When the line with "Well Hung Vineyard - Restaurant" turns up below, begin repeating exactly, and carry on through the line with "Building Photo - 1319 Loftsgordon Ave"; no pictures go into the copy.

DATA SUPPLIED Block Start

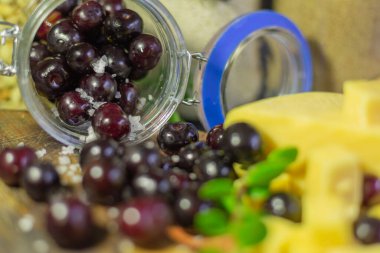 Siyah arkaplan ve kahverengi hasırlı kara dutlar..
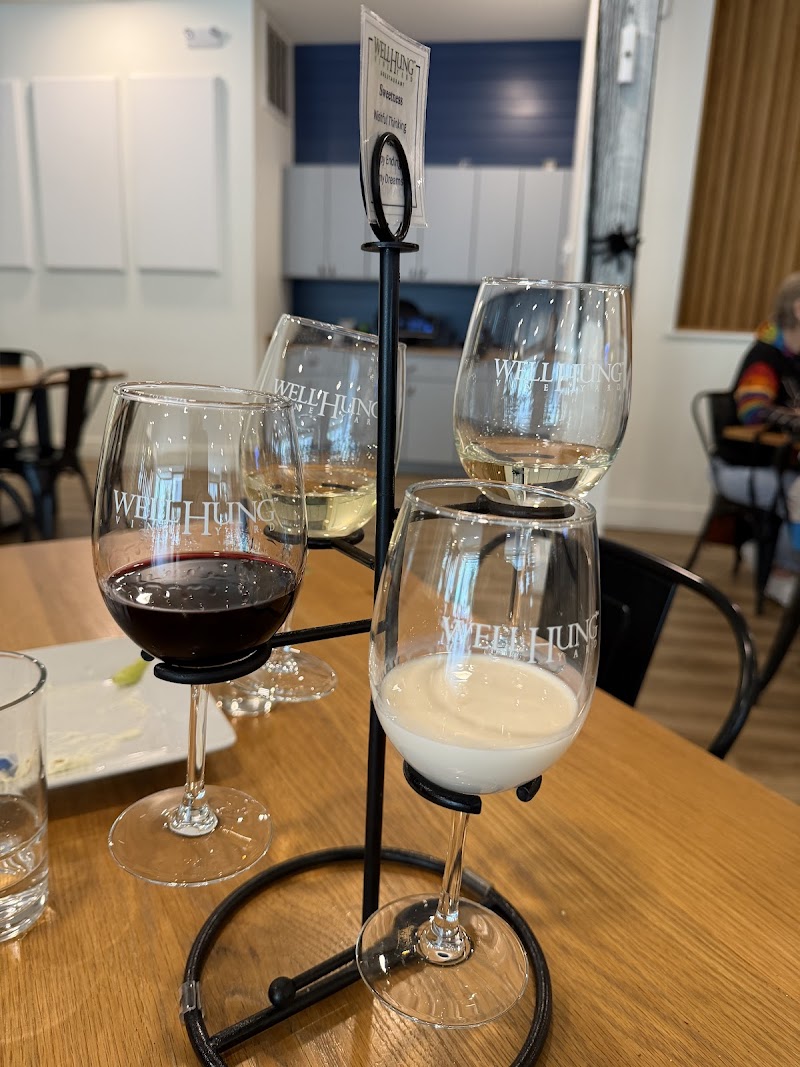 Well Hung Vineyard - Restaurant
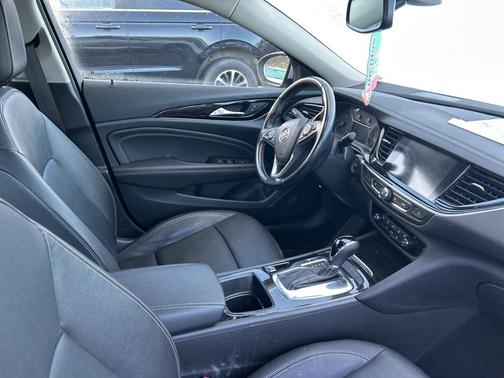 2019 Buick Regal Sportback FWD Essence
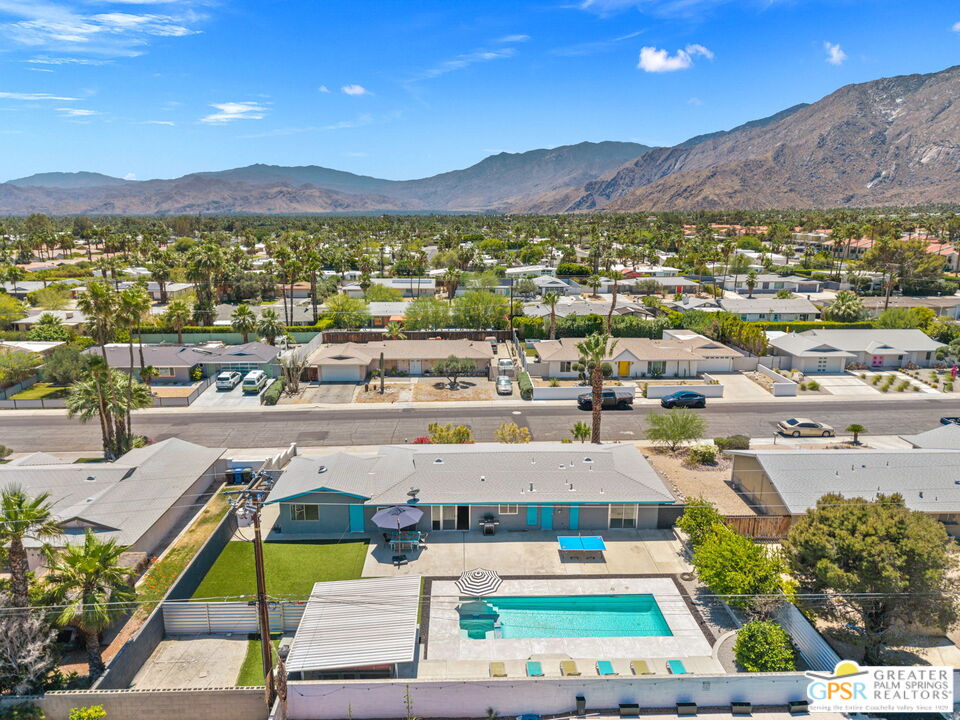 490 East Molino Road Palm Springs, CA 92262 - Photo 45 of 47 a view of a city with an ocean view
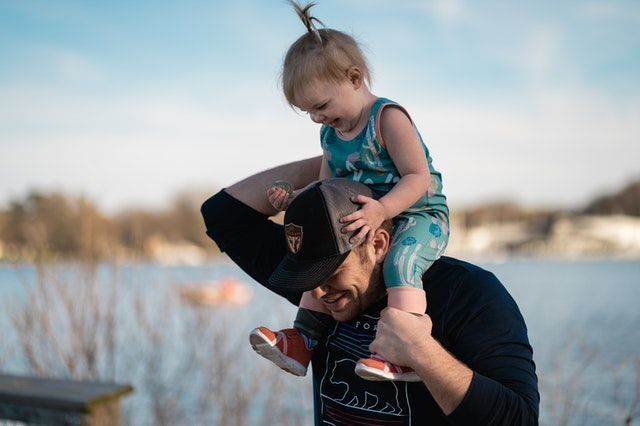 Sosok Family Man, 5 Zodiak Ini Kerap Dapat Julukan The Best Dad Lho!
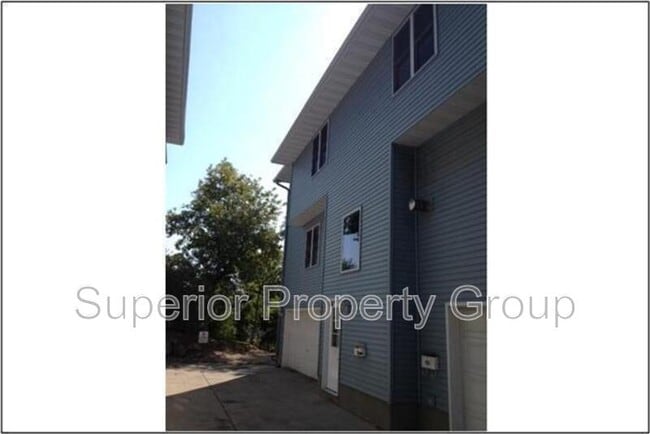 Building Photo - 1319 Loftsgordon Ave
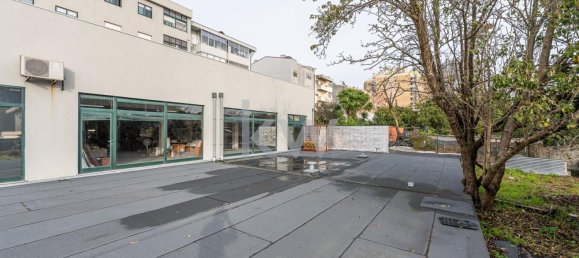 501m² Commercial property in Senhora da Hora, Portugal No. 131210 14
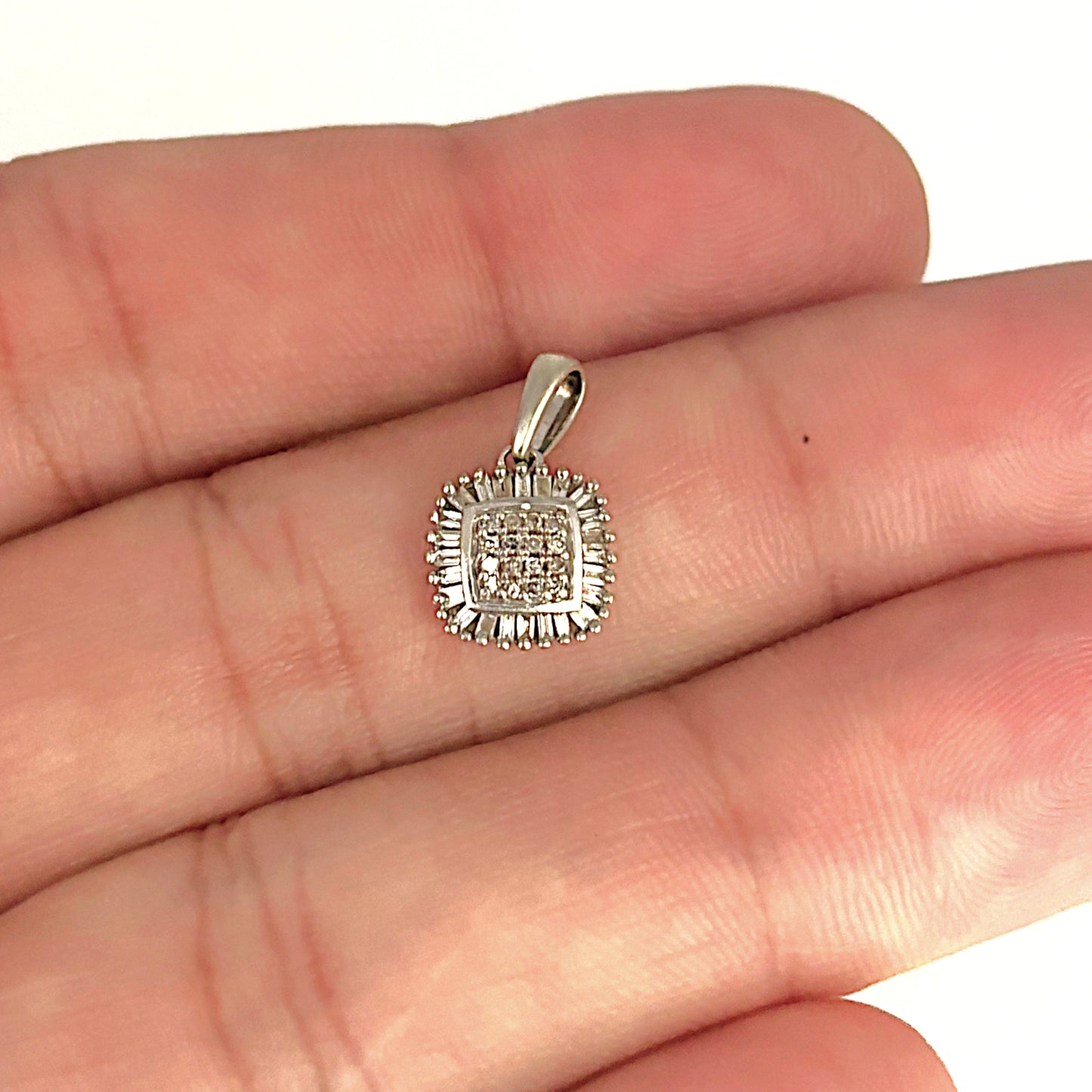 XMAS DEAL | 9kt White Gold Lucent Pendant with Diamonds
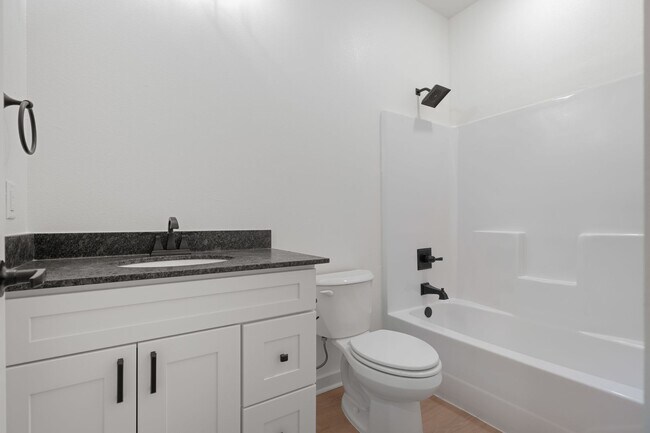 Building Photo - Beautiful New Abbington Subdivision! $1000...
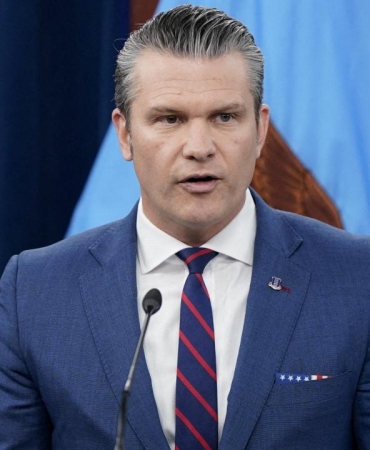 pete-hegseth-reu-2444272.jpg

DATA SUPPLIED Block End

TASK SOLUTION:
 Well Hung Vineyard - Restaurant
 2019 Buick Regal Sportback FWD Essence
 490 East Molino Road Palm Springs, CA 92262 - Photo 45 of 47 a view of a city with an ocean view
 Sosok Family Man, 5 Zodiak Ini Kerap Dapat Julukan The Best Dad Lho!
 Building Photo - 1319 Loftsgordon Ave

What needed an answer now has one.